Negotiating with Chinese Suppliers: A Lost Art
There’s definitely an ‘art’ to negotiating with Chinese suppliers. Your ultimate goal when searching for factories should be to find one that will not only manufacture your product to the desired quality specifications, but one that you can build a long-lasting relationship with who will go the “extra mile” for you once you’ve proven yourself a good client and built up the level of guanxi required before they consider you worthy of their attention and friendship.
You’ll want to make it your mission to convince your supplier to see you as a preferred customer that not only pays on time, but demonstrates an obvious desire to grow their business. Once you’ve established this close relationship with your suppliers you’ll be in a good position to get support with your private label goals.
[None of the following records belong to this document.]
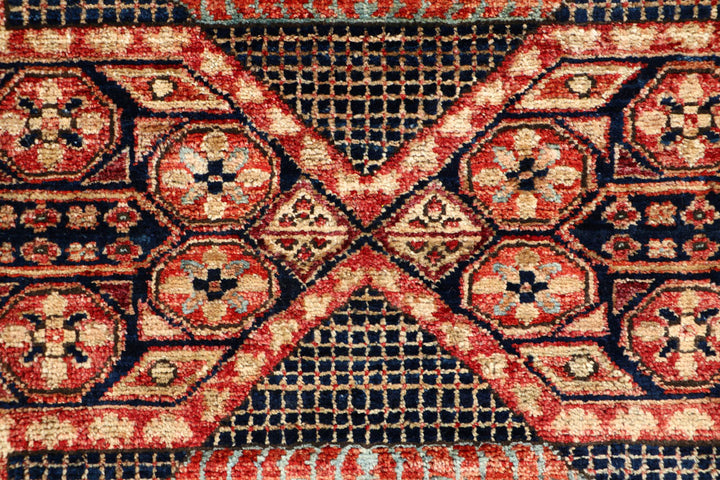 Midnight Blue Mamluk 2' x 4' 9 - No. 66055 - ALRUG Rug Store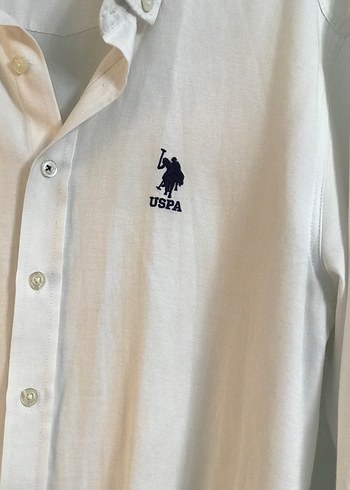 Erkek Beyaz Uspa Polo orjinal gömlek - Görsel 2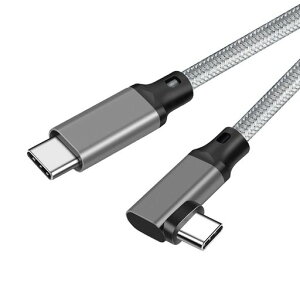 TypeCtoTypeC�P�[�u��L��(�O���[5m)Popolier�y5Gbps�����f�[�^�]��/100W�}���[�dPD�Ή�/4K@60Hz�f���o�́zUSB3.2(Gen1)USB-CtoUSB-C�P�[�u��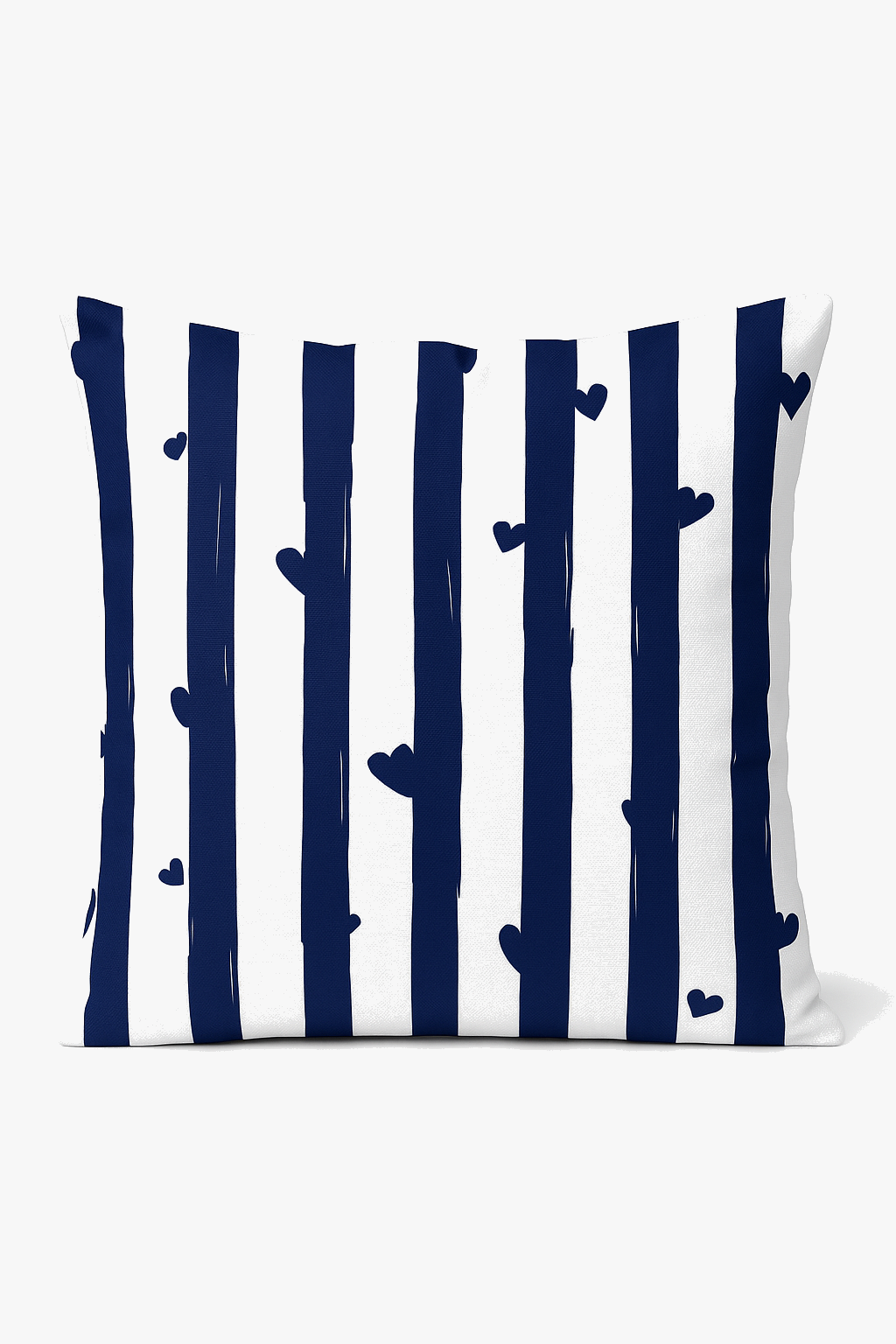 coussin bleu marine géométrique pour décoration intérieure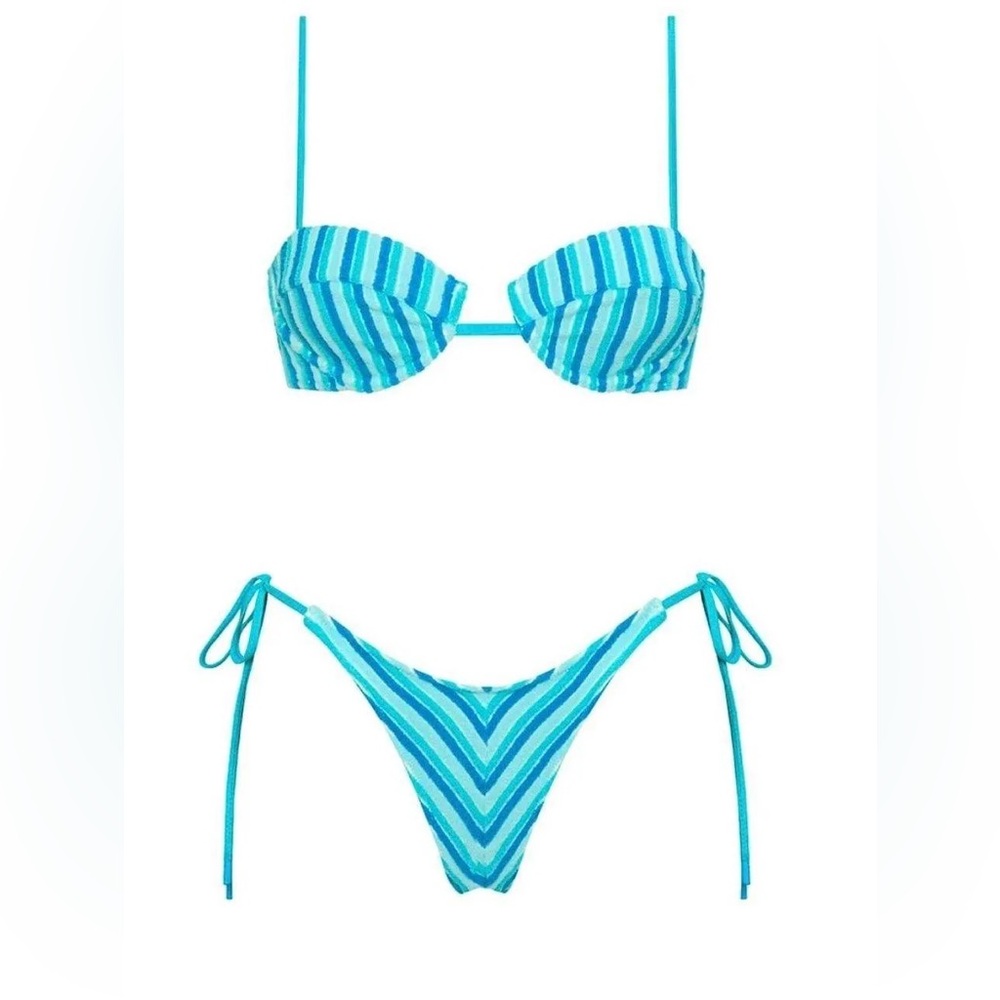 Triangl Mala Sour Stripe Bikini Set - Large (top) / Medium (bottom)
Partnering with a supplier should be every private label seller’s goal. A mutually beneficial partnership with a high quality, honest, and ethical supplier will not only benefit your bottom line, but it may also lead to additional benefits that won’t be realized until the relationship matures. Some of these benefits might be:
  • Better payment terms. This can be a huge bonus, as it will lead to increased cash flow and allow you to place even larger orders, thus lowering your Cost of Goods (COG).
  • Higher quality product. Many suppliers offer their best customers upgrades to better components and raw materials, thus producing a higher quality final product.
  • New products. Developing and nurturing a relationship with a good supplier can lead to them offering you their new products before other customers. Even if it’s just a newer, better version of your current product, it can have a big impact.
  • Better pricing. This is the obvious benefit of doing business with a supplier for a long period of time. Once they know you, your business, and have seen your orders grow, they will often be amenable to re-negotiating pricing. Make sure you fully understand the pitfalls of pushing for lower pricing, and be mindful if you sense any reluctance, as forcing the issue can have disastrous consequences.
  • Better overall service. Once sellers learn that the most critical part of getting these perks from suppliers is not just the quality of the relationship, but more importantly the level guanxi, the all-important cultural concept that is ingrained in every aspect of Chinese society.
A few tips to consider when approaching and dealing with new Chinese suppliers:
You obviously want to get the best price you can, and usually the fastest way to lower pricing is to raise your order quantities. The following examples are very basic, but warrant discussion, as there are still many sellers out there who don’t fully realize the impact that even a small drop in unit price can have on their long-term profitability.
Let’s say for example you want to buy 100 units of a $7.00 product.
If you’re able to negotiate even a small 30 cents discount per unit it might not sound like much, but when your business scales and you begin ordering and selling more product these small discounts can add up to BIG savings on Cost of Goods (COG). Take a look at these examples:
  • Buy 100 units @ $7 = $700
  • Buy 100 units @ $6.70 = $670
Net Savings on COG: $30

When your business begins to scale:

  • Buy 500 units @ $7 = $3,500
  • Buy 500 units @ $6.70 = $3,350
Net Savings on COG: $150

When your business establishes regular and continuous sales for you product:

  • Buy 1000 units @ $7 = $7,000
  • Buy 1000 units @ $6.70 = $6,700
Net Savings on COG: $300 When you build up cash flow from previous sales, you can invest in more inventory to last a longer period of time and thus cut down on all of the additional logistics costs of ordering again. This is a key point so I want to stop and let this sink in. Experienced sellers know that the freight charges represent one of their biggest costs.
We all know shipping from China is not cheap. So if you can cut down on the number of orders by bumping up you quantities, you will ultimately be significantly more profitable. We have a comprehensive ebook, along with interactive spreadsheets that do a DEEP dive into this scenario. We will be offering this eBook for download in the next few days, so be sure to enter if you want us to contact you when it becomes available.

On with the examples!

  • Buy 3000 units x $7 = $21,000
  • Buy 3000 units x $6.70 = $20,100

Net Savings on COG: $900 And it will likely be MUCH more savings, as you will easily be able to qualify for a better discount when ordering at these levels. But for the sake of consistency in the example, the discount is 30 cents per unit. You might be thinking “but I’m not currently able to buy 21k worth of stock right now”. And that’s understandable, but we wanted to show you the benefit of ordering higher quantities and how it can save you thousands of dollars by not only lowering the price per unit, but also cutting down on the freight costs of shipping those multiple, smaller orders—which can be a HUGE bump to your bottom line.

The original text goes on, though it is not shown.